Mais il se souvient aussi d’un « moment épouvantable, le 4 janvier 1960 » lorsque, jeune homme, il apprend la mort dans un accident de voiture d’un des plus grands et justes esprits du siècle. Dans Camus, il dit donc : « Mon héros tu demeures / Toi qui es mort d’un Dostoïevski dans le cœur ». Et, au rayon littérature, il célèbre aussi Moby Dick, immense roman de sa jeunesse relu plusieurs fois tout au long de sa vie – et quête mythique du capitaine Achab et de ceux qui espèrent toujours la baleine blanche.

Quant à lui, il n’en fait pas mystère : il aime. Il a épousé, début 2021, Luana Santonino qui veillait depuis des années sur sa carrière. Et « trois ou quatre titres sont dédiés à Luana ». Le sentiment court aussi en coulisses : Serge entend une chanson d’Hélène Blazy, épouse de Jean-Claude Petit, qui compose principalement pour l’image et la salle de concerts classiques. Or Aime-moi est un duo et, tout naturellement, il propose à Luana de chanter avec lui. La voix juste, portée par le texte radieux d’Inès Dauxerre, elle sera sur l’album à condition – elle y tient – de ne jamais aller l’interpréter à la télévision.

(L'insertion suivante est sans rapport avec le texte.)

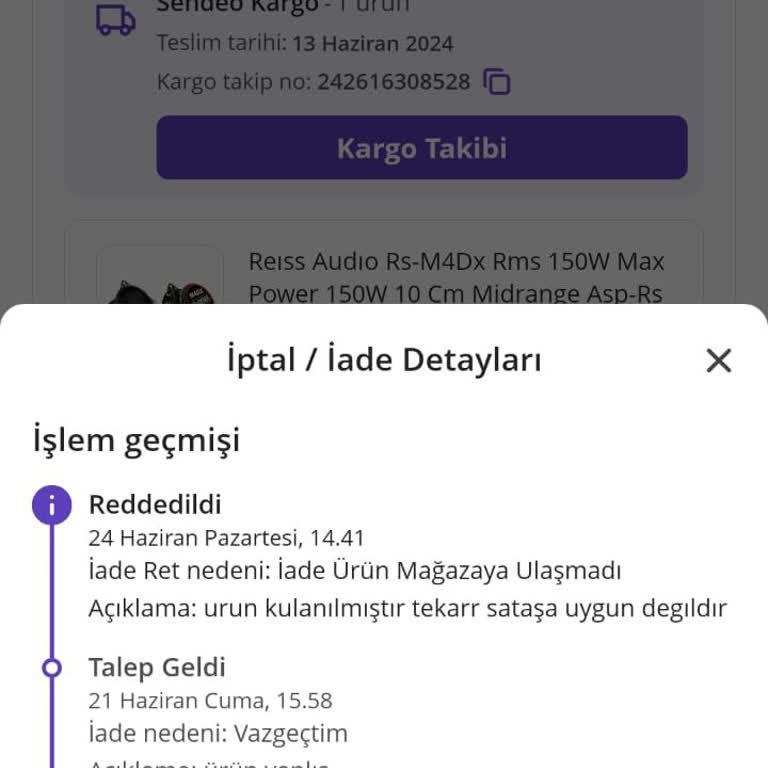 GoldZaro Elektronik Ürünüm Nerede Mağdurum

À part cette chanson, Serge a tout écrit, fidèle à son plaisir de passer de l’air du temps à l’intemporel, du singulier au commun, des jubilations aux agacements. « Aucun thème ne m’est étranger dès lors que j’ai les quatre premiers mots, résume-t-il. C’est le départ de feu et la forêt s’embrase. »

Le rigoureux complice Sergio Tomassi a veillé à la production vocale. Accordéoniste de milliers de concerts de Serge Lama, il a toute sa confiance pour l’entendre mieux que quiconque et diriger ses prises de voix dans le vaste vaisseau de splendeurs appareillé par Jean-Claude Petit – orchestre en Cinémascope, arrangements au plus près des intentions des textes, pointes légères d’humour ou de complicité…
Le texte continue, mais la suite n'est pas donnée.